About this newsletter

This family history newsletter is published three or four times a year usually when some interesting family items have been added to the website.  An email including a link to it is sent to all my family history contacts.  Please feel free to forward the email or a link to this page on to family members who may not have seen the website.

Churchill & Enever coincidences

Australia's 'First Fleeters'

En(n)evers & Smiths and Middle Eastern origins?

Ruskin Bond

 

Churchill & Enever coincidences

Jennie Churchill (nee Jerome) with sons John and Winston
Jennie Churchill (nee Jerome) with sons John and Winston
A previous newsletter highlighted some family connections to both Sir Winston Churchill and Edward 'Ned' Kelly and with the help of another researcher we have spotted some other items which are interesting little historical coincidences.  They may lack any obvious objective significance  but are appealing nonetheless:

  • we already knew that Augustus Joseph Enever & Cleopatra Cecilia Burgoyne were married by the father of Lily Langtry, the celebrated society lady who became the mistress of Albert Edward, prince of Wales, later King Edward VII but...
  • we now discover that Cleopatra's second son from her marriage to William Taylor Power bought his Hampshire house from the son of Mary 'Patsy' Cornwallis-West, wife of William Cornwallis Cornwallis-West.  According to Antony Camp's research,  William & Mary's daughter, who became Daisy, Princess of Pless, was one of the mistresses of the future King George V although other researchers claim that she too was a mistress of his father, Edward VII. 
  • ...and William & Patsy's son, George Cornwallis-West, was the second husband of ┬áLady Randolph Churchill (Jennie Jerome), mother of Winston Churchill and that Augustus's great niece, Barbara Yvonne Enever, married Lionel Leslie, nephew of Lady Randolph Churchill in 1942.

Famiy history is rarely dull if you dig deep enough!

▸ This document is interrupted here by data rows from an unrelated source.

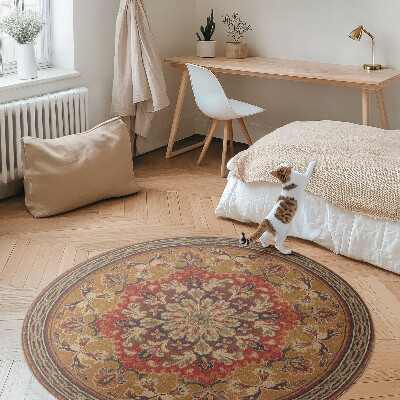 Tapis rond en vinyle Motifs floraux anciens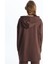 Lcwaıkıkı Classic Düz Oversize Kadın Hoodie 4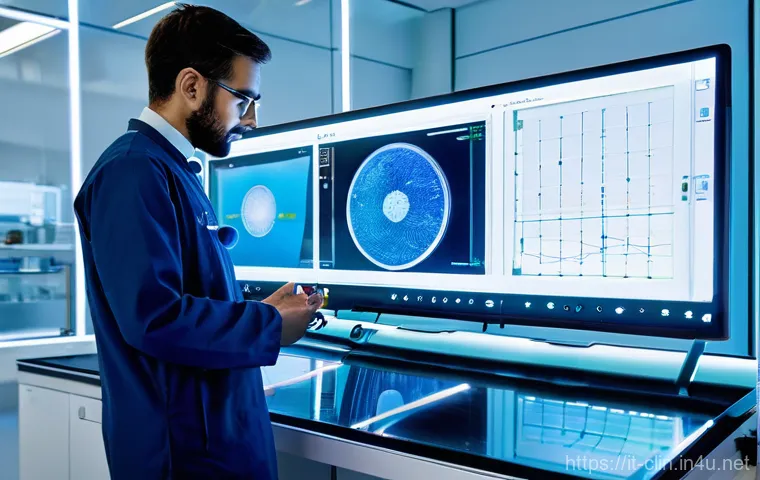 임상병리사의 하루 일과 - **Prompt:** A focused Biomedical Laboratory Technician (TSLB) in a bright, modern Italian diagnostic... 임상병리사의 하루 일과 - **Prompt:** A focused Biomedical Laboratory Technician (TSLB) in a bright, modern Italian diagnostic...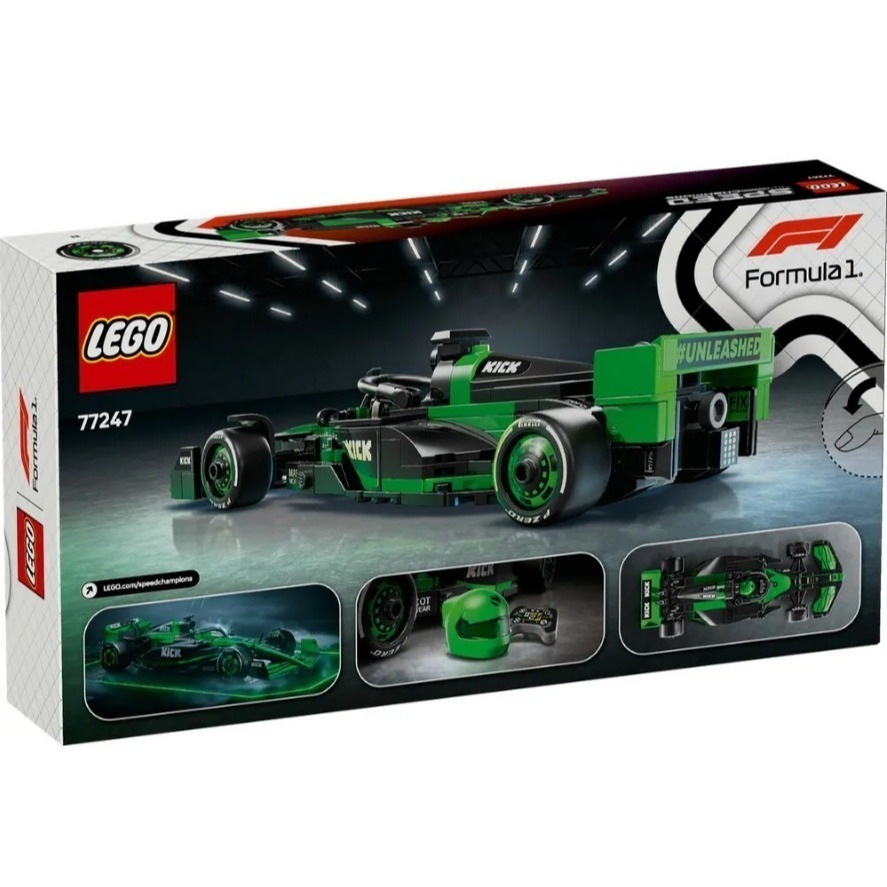《木木磚家》現貨不用等★~ LEGO 77247  KICK Sauber F1® Team C44 賽車-細節圖4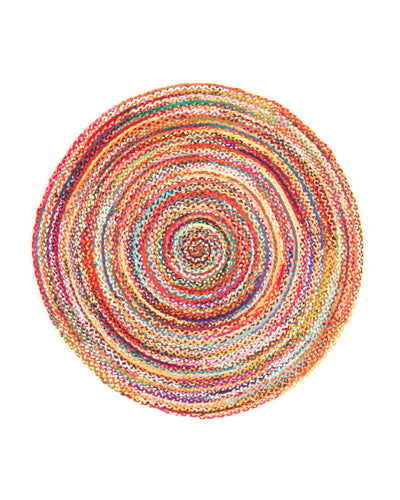 Juteteppich ML-Indigostripy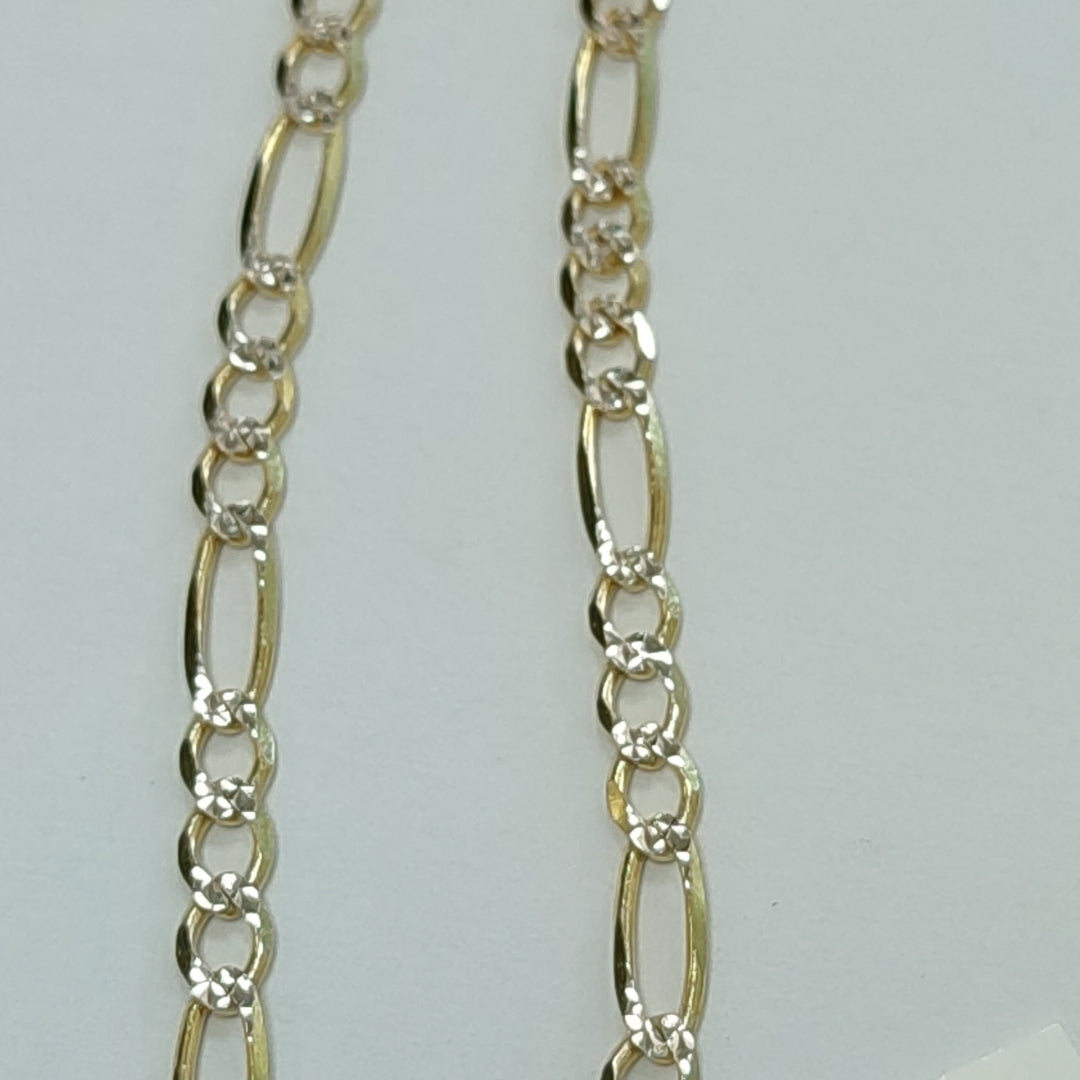 CADENAS CARTIER 3*1 DIAMANTADA ORO 14K 7.5 (NUEVO)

Australia's 'First Fleeters'

The Charlotte at Portsmouth before departure in May 1787
The Charlotte at Portsmouth before departure in May 1787

Between 1787 and 1850 the English sent more than 160,000 convicts to Australia. The first eleven of these ships are known today as the 'First Fleet' and contained the convicts and marines who are now generally acknowledged as the founders of Australia.

The First Fleet sailed from Great Britain on 13 May 1787 with about 1,487 people, including 778 convicts (192 women and 586 men), to establish the first European colony in Australia, in New South Wales. The fleet was led by Captain (later Admiral) Arthur Phillip. The ships arrived at Botany Bay between 18th and 20th January 1788. HMS Supply arrived on 18 January, The Alexander, Scarborough and Friendship arrived on 19 January and the remaining ships on 20 January 1788.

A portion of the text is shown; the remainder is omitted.